Pocos minutos antes, en el Congreso de los Diputados, los golpistas hacen salir del hemiciclo a varios miembros del ejecutivo, al expresidente Adolfo Suárez, Gutiérrez Mellado, Agustín Rodríguez Sahagún (ministro de Defensa). También a líderes de otros partidos como Santiago Carrillo (Partido Comunista de España), Alfonso Guerra (portavoz del PSOE) y Felipe González.
El Congreso de los Diputados rodeado de policías y periodistas en la calle carrera de San Jerónimo tras el golpe de Estado 23 F

El Congreso de los Diputados rodeado de policías y periodistas en la calle carrera de San Jerónimo tras el golpe de Estado 23 FGTRES

También a las 21:00, el Ministerio del Interior constituye un nuevo gobierno provisional con Francisco Laina a la cabeza. Esto permitió coordinar mejor las actuaciones para restablecer el orden constitucional. Después de casi cinco horas, llegó al Congreso el general Alfonso Armada, uno de los líderes del golpe que debía ocupar la presidencia del gobierno. El general propone crear un nuevo ejecutivo en el que estén representados todos los partidos, pero Tejero se opuso a que los comunistas entrasen en el gobierno y niega la posibilidad al coronel, que abandonó el edificio sin ningún incidente.
La noticia de un golpe militar se extendió por toda España desde el primer momento, y pocos sabían durante aquellas horas de qué manera terminaría aquello. Con la recuperación de la emisión de RNE, a la 1:14 minutos de la madrugada, el Rey Juan Carlos I vistiendo el uniforme de Capitán General dirigió un mensaje a toda la nación, en el que ordenó «a las autoridades civiles y a la Junta de Jefes de Estado Mayor que tomen todas las medidas necesarias para mantener el orden constitucional […] la Corona no puede tolerar acciones que pretendan interrumpir por la fuerza el proceso democrático que la Constitución votada por el pueblo español determinó en su día a través de referéndum».
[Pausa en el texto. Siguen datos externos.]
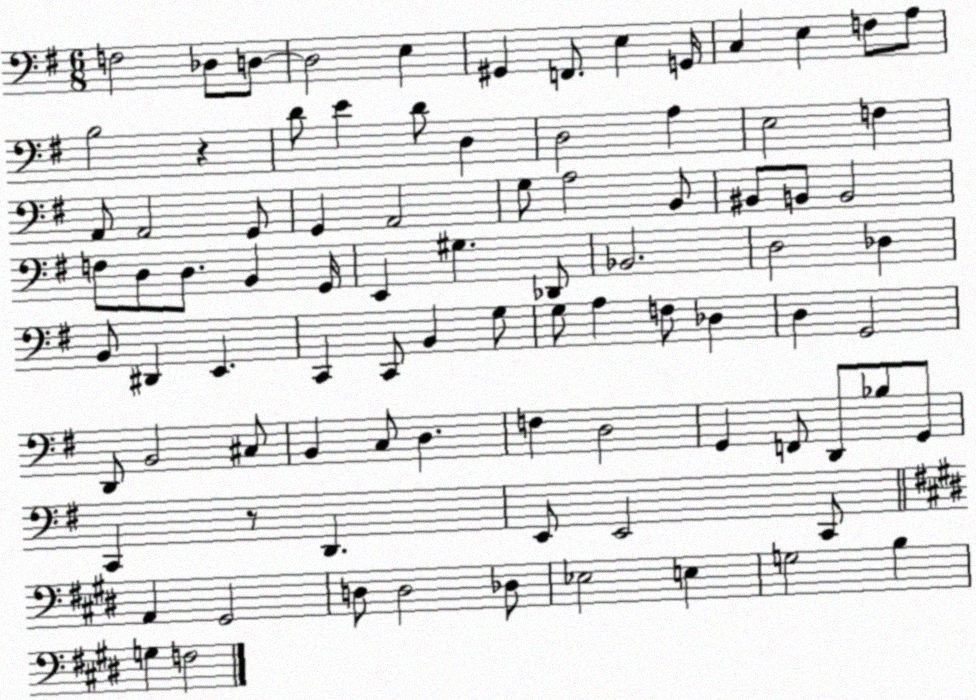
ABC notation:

X:1
T:Untitled
M:6/8
L:1/4
K:G
F,2 _D,/2 D,/2 D,2 E, ^G,, F,,/2 E, G,,/4 C, E, F,/2 A,/2 B,2 z D/2 E D/2 D, D,2 A, E,2 F, A,,/2 A,,2 G,,/2 G,, A,,2 G,/2 A,2 B,,/2 ^B,,/2 B,,/2 B,,2 F,/2 D,/2 D,/2 B,, G,,/4 E,, ^G, _D,,/2 _B,,2 D,2 _D, B,,/2 ^D,, E,, C,, C,,/2 B,, G,/2 G,/2 A, F,/2 _D, D, G,,2 D,,/2 B,,2 ^C,/2 B,, C,/2 D, F, D,2 G,, F,,/2 D,,/2 _B,/2 G,,/2 C,, z/2 D,, E,,/2 E,,2 C,,/2 A,, ^G,,2 D,/2 D,2 _D,/2 _E,2 E, G,2 B, G, F,2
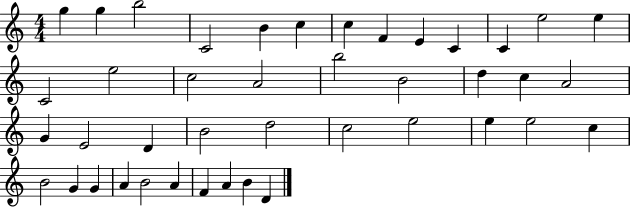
G5/q G5/q B5/h C4/h B4/q C5/q C5/q F4/q E4/q C4/q C4/q E5/h E5/q C4/h E5/h C5/h A4/h B5/h B4/h D5/q C5/q A4/h G4/q E4/h D4/q B4/h D5/h C5/h E5/h E5/q E5/h C5/q B4/h G4/q G4/q A4/q B4/h A4/q F4/q A4/q B4/q D4/q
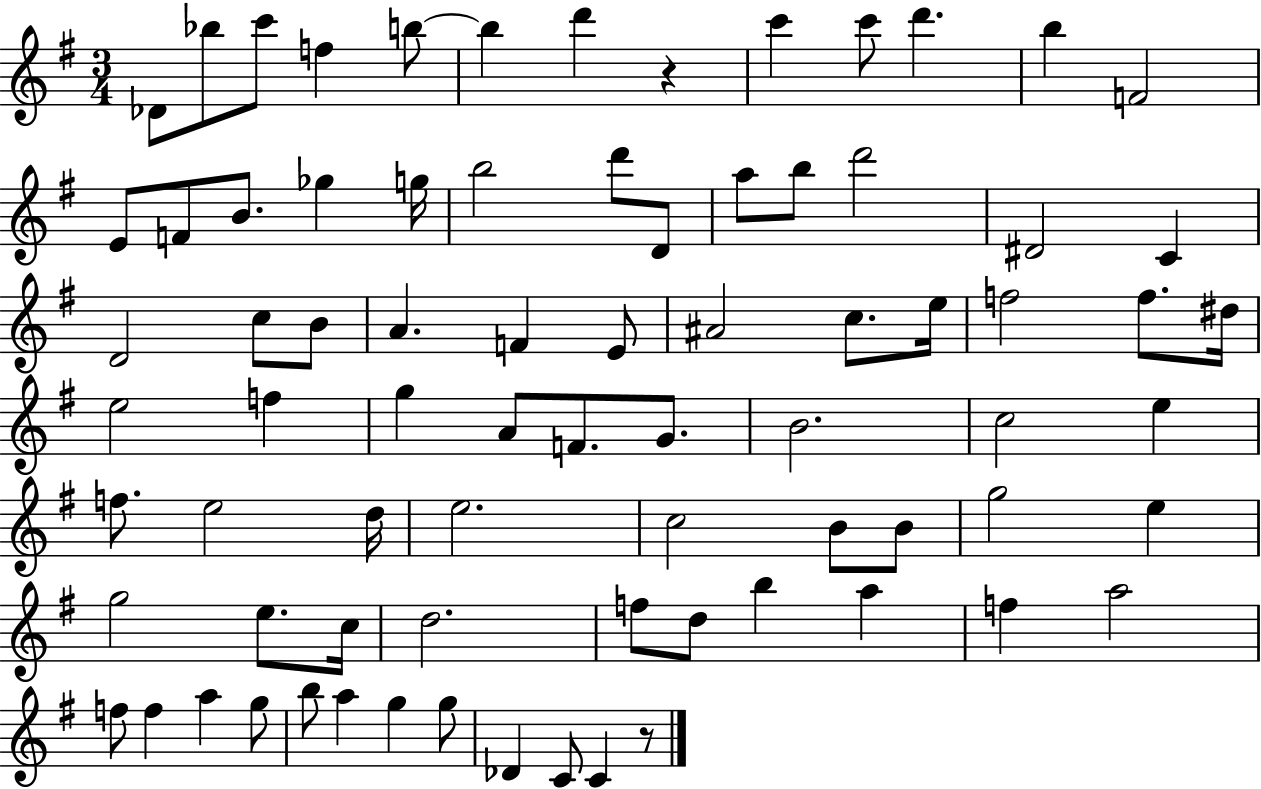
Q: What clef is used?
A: treble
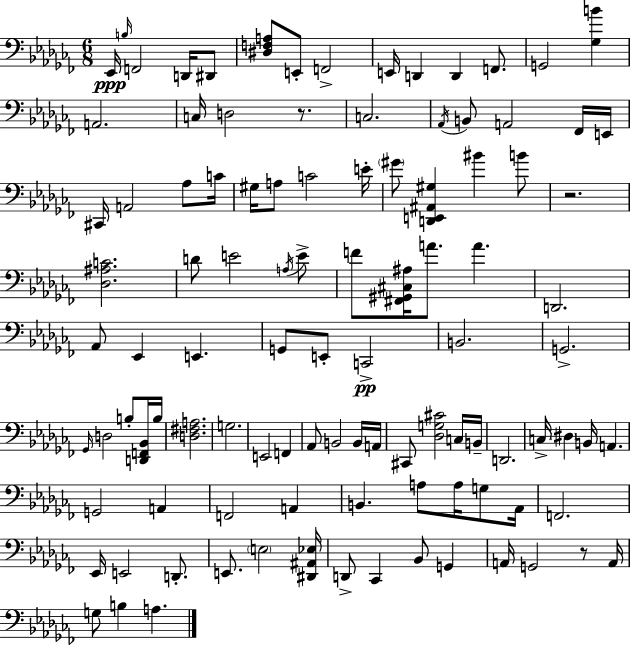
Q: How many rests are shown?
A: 3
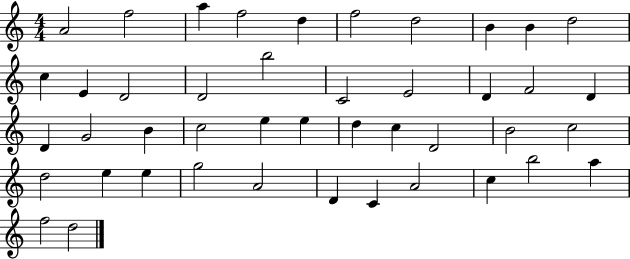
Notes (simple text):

A4/h F5/h A5/q F5/h D5/q F5/h D5/h B4/q B4/q D5/h C5/q E4/q D4/h D4/h B5/h C4/h E4/h D4/q F4/h D4/q D4/q G4/h B4/q C5/h E5/q E5/q D5/q C5/q D4/h B4/h C5/h D5/h E5/q E5/q G5/h A4/h D4/q C4/q A4/h C5/q B5/h A5/q F5/h D5/h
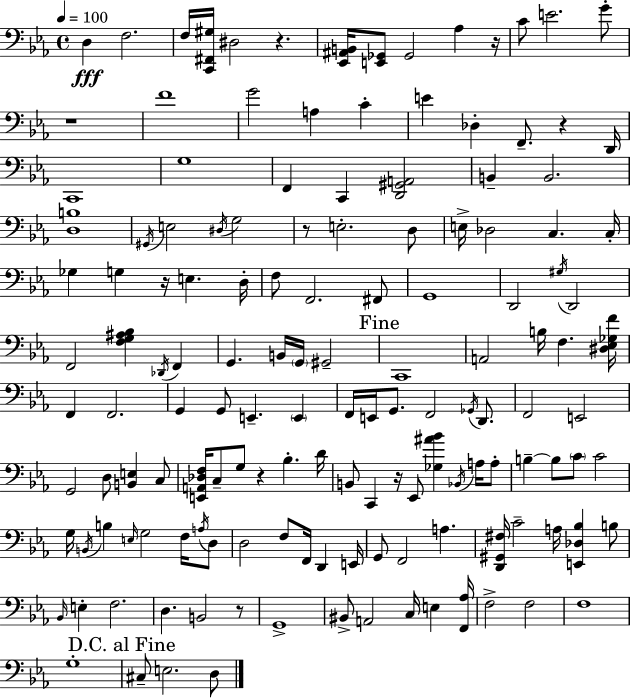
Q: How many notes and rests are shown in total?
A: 144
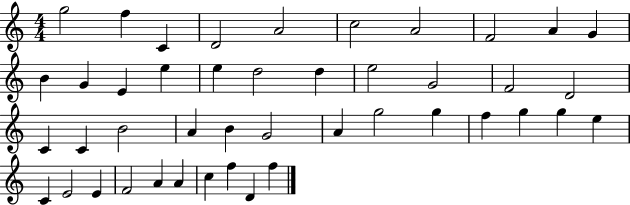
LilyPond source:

{
  \clef treble
  \numericTimeSignature
  \time 4/4
  \key c \major
  g''2 f''4 c'4 | d'2 a'2 | c''2 a'2 | f'2 a'4 g'4 | \break b'4 g'4 e'4 e''4 | e''4 d''2 d''4 | e''2 g'2 | f'2 d'2 | \break c'4 c'4 b'2 | a'4 b'4 g'2 | a'4 g''2 g''4 | f''4 g''4 g''4 e''4 | \break c'4 e'2 e'4 | f'2 a'4 a'4 | c''4 f''4 d'4 f''4 | \bar "|."
}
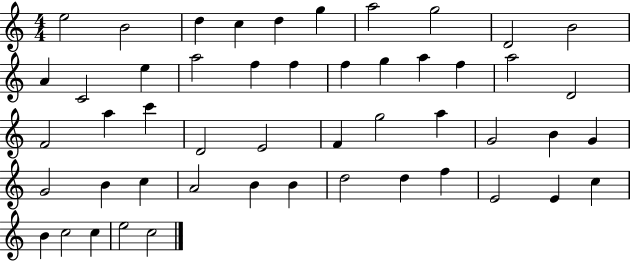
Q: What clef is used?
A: treble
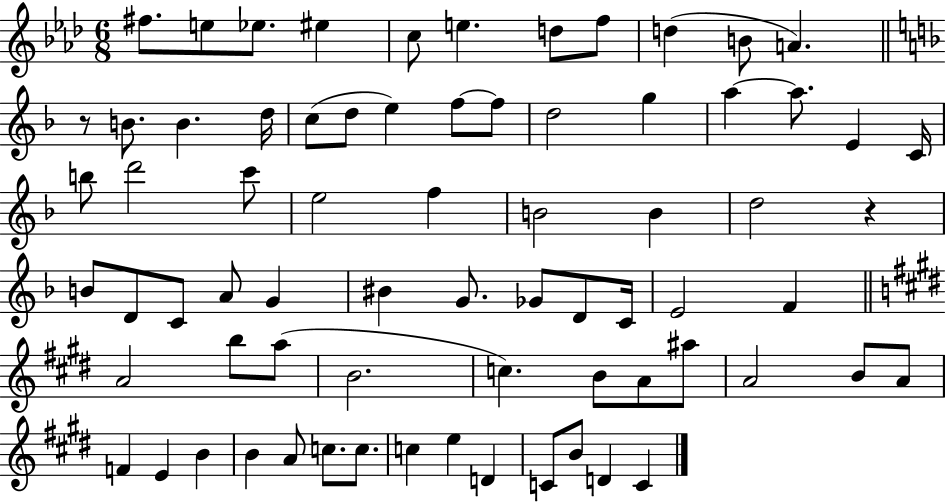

Parece que el mensaje fue lo suficientemente contundente para los sublevados, porque Milans del Bosch retiró las tropas y anuló el estado de excepción en Valencia esa misma noche. Ante el evidente fracaso del golpe, a partir de las 10:00 de la mañana del 24 de febrero varios guardias civiles abandonaron el Congreso y se entregaron a la policía militar. Media hora después Tejero permitió que varias diputadas salieran del edificio y finalmente, cerca del mediodía, el resto de los políticos y trabajadores desalojaron en Congreso. Tejero se entregó minutos después.